Paseamos debajo de los adornos luminosos de toda la vida y por el puerto. Escuchamos el "yo me remendaba y yo me remendé" a todo volumen al pasar y visitamos el Belén de la Plaza San Francisco con la ilusión con la que lo hacía en la infancia. Y al ver el guiñol con montones los niños sentados a los pies, mi hermano y yo corrimos cual moscas atraídas por la miel para unirnos al festival de bromas del titiritero.
Creo que fue en el momento en el que estaban recogiendo sus cosas y me despedía, cuando mi padre me confesó que le había gustado especialmente revivir las fiestas en un lugar más pequeño porque le parecía que tenían una magia especial, distinta a como lo vivimos en las ciudades más grandes (un pensamiento muy a lo vida lenta {ct}, vamos).
Inmediatamente recordé la emoción que sentí una mañana de la semana anterior cuando, mientras desayunaba, me percaté de que acaban de colgar una gran bola iluminada justo frente a mi ventana. Sólo eran las 8 y el sol ya había salido, pero se ve que estaban probando las luces.
Me acordé de la gracia que me hace el espumillón multicolor adornando escaparates de todo tipo. No hay distinción en lo que respecta al negocio. Tiendas de cocinas, farmacias o confiterías. Todos y todos lo tienen.

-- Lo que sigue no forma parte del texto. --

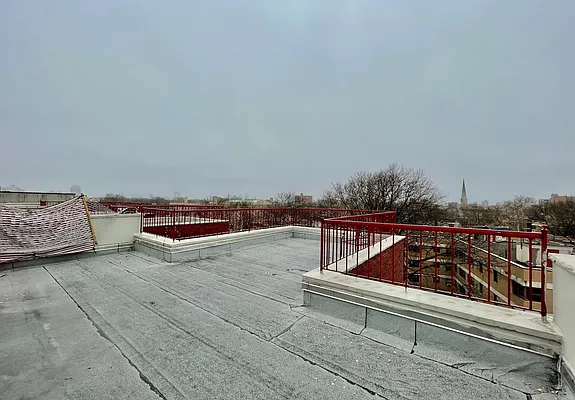 Rented by Zjama Realty Corp | media 10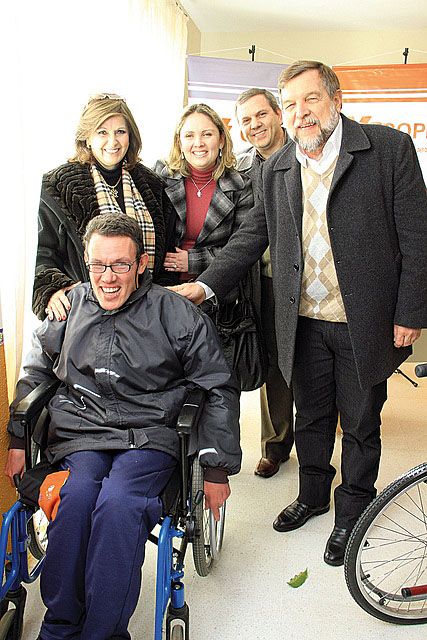 O vice-governador e secretário da Educação, Flávio Arns (à dir.), esteve ontem na sede da Afece, entidade mantenedora da Escola de Educação Especial São Francisco de Assis, para entregar uma doação de mais de R$ 324 mil reais. O dinheiro foi doado pela Copel, que estava representada pela diretora de Gestão Corporativa, Yára Eisenbach (à esq.). O cheque simbólico foi entregue ao presidente do Conselho Diretor da entidade, Carlos Dreschmer (ao lado de Arns). Também na foto, Larissa Tissot, que representou a primeira-dama Fernanda Richa na cerimônia, e o educando Rafael Dallabona | Sinara Freitas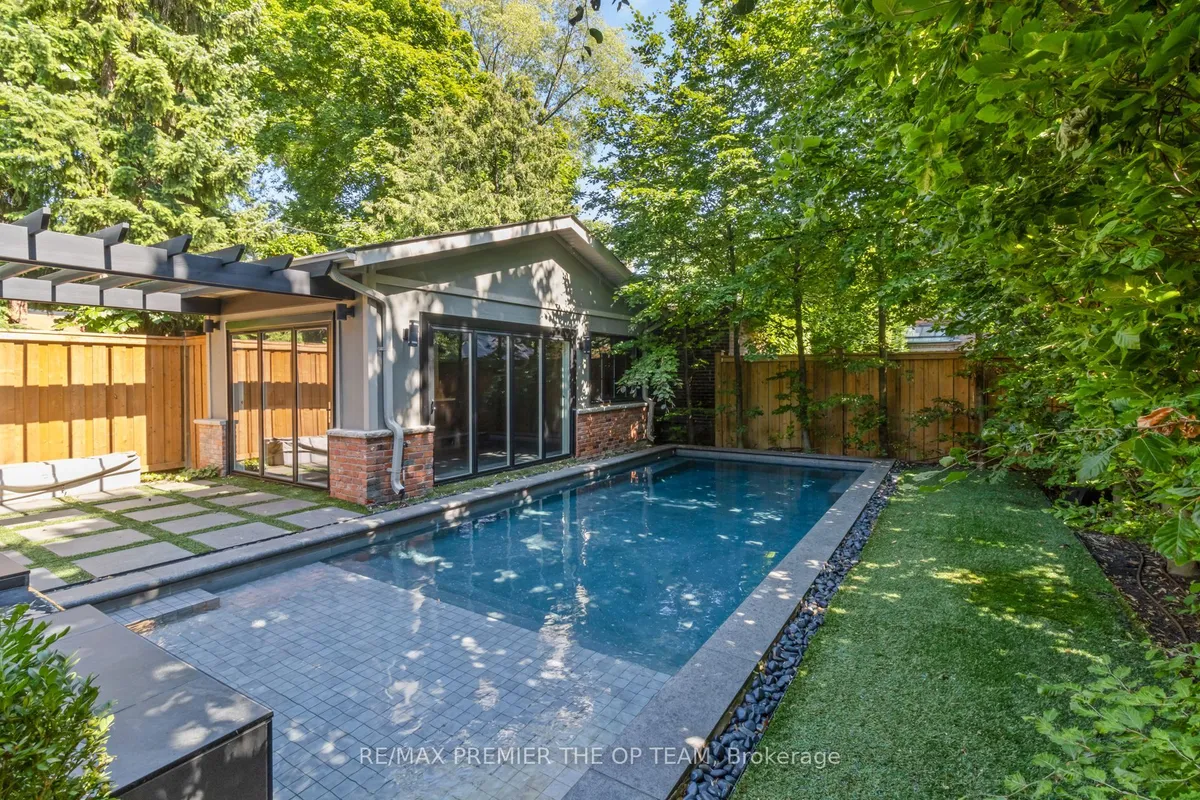 37 St Andrews Gardens, ON M4W 2C9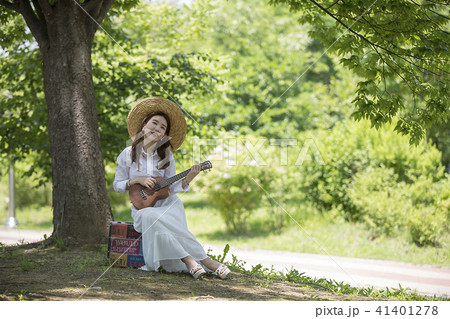 演奏 公園 若い女性 41401278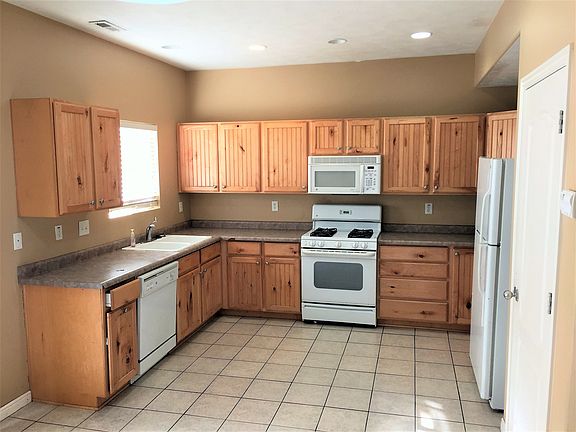4th image of 6853 W Tupelo Ln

Seguro que al volver caminando de noche, después de la cena de navidad de compañeros de curso el próximo viernes, podré admirarlos más tranquilamente. Aquí no necesito un taxi para volver a casa en "la noche oficial con más trabajo del año", según me dijo que era un taxista después de luchar dos horas por dar con uno, precisamente ese día. Puedo volver andando.
También me vino a la mente el post de Pepa dedicado a los mercadillos navideños de Berlín y el espíritu navideño que se respiraba en ellos. Le comenté que aquí todo era más sencillo pero que pasear por el centro tenía mucho encanto.
Todo esto me flasheó mientras seguía escuchándole. Ahí de pie, muy quieta.
Y de repente sentí que el corazón se me reblandecía. Mórbido hasta volverse pastoso.
La herencia genética a veces consiste en un tono de piel, el tamaño de la nariz o la forma del dedo pequeño del pie. Otras en cambio consisten en las sensaciones y pensamientos idénticos que se pueden generar en dos personas, en espacio de tiempo distinto, al mirar el mismo paisaje, oler el mismo aroma o al vivir la misma experiencia.
Vamos, que en ese instante me enternecí porque me sentí más hija de mi padre que nunca. Más fanática de la Navidad que de ninguna otra época.